Future working styles will make office a place of occasional use, according to a study by global workplace solutions provider Regus and Unwired Venture.
Listed on the London Stock exchange, Regus is a global provider of serviced office space at 1,100 locations in 500 cities and 88 countries. It has over eight lakh people using its services and its clientele include Google, GlaxoSmithKline and Nokia, besides a host of multinationals that have outsourced a majority of their office and workplace requirements to the services provider.
In India, Regus has 22 serviced offices in Mumbai, Hyderabad, Chennai, Nagpur, Delhi and Bangalore with plans to open 14 more. In Mumbai alone, it has six such offices.
The study, encompassing 600 executives across the globe, said 51 per cent felt that office would become a place for occasional use as a result of future work styles.
“As the concept of virtuality gains ground, monetising agility and creating a robust business case for changing the way we work will become essential,” said Mr Madhusudan Thakur, Regional Vice-President, South Asia, Regus.
The future of work will involve organisations moving towards a more flexible work model where employees would be allowed to buy their own office space.

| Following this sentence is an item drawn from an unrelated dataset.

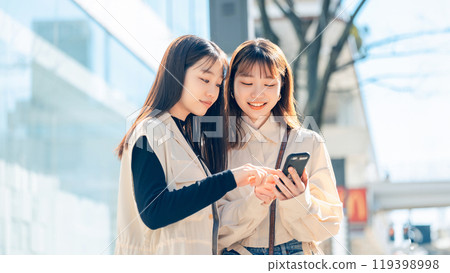 Young women with friends looking at a smartphone in the city 119398998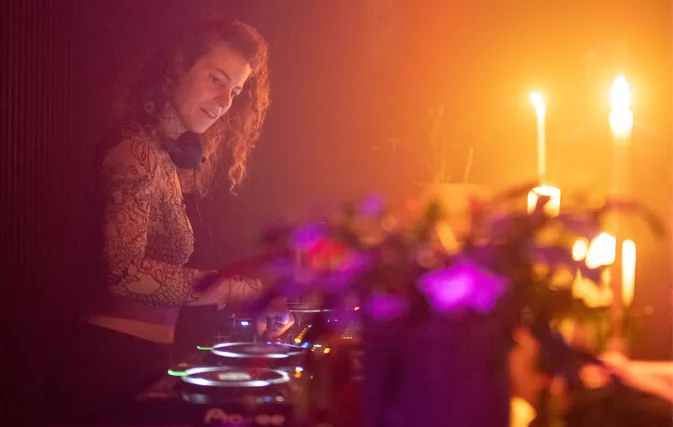 Nora Milena am DJ-Pult, im warmen Licht mit Kerzen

Corporations would be able to leverage this as they move away from the historic one-person-one-desk approach to work provision, he said.
Mr Phillip Ross, Chief Executive Officer, Unwired Ventures, which conducted the study, said: “As the utilisation of an office today is typically only 45 per cent, empty desks no longer make sense in a world where mobility and agility will become accepted by people as the most effective and sustainable way of working.”
Unwired specialises in the future of work, through research, forecasting, publishing and events.
It predicts the way that patterns of work will change as a result of political, socioeconomic and technological trends. It has published over 50 research reports.
NO TO TRADITIONAL OFFICE
Interestingly, 59 per cent of respondents said they no longer struggle to work effectively outside the workplace while 64 per cent believed that the ideal commute to work should be less than 20 minutes. Twenty-five per cent want less than a 10 minute commute.
Currently, 32 per cent of the respondents who work for large organisations spend 41 minutes to an hour commuting every day and 27 per cent spend over an hour.
However, 79 per cent felt they had the right technology to be productive in their workplace and were increasingly given technology enablers to be able to work from any location.
A majority believed that younger workers — the Millennials and the generation still at school — would be more accepting of virtual working and reject the traditional office.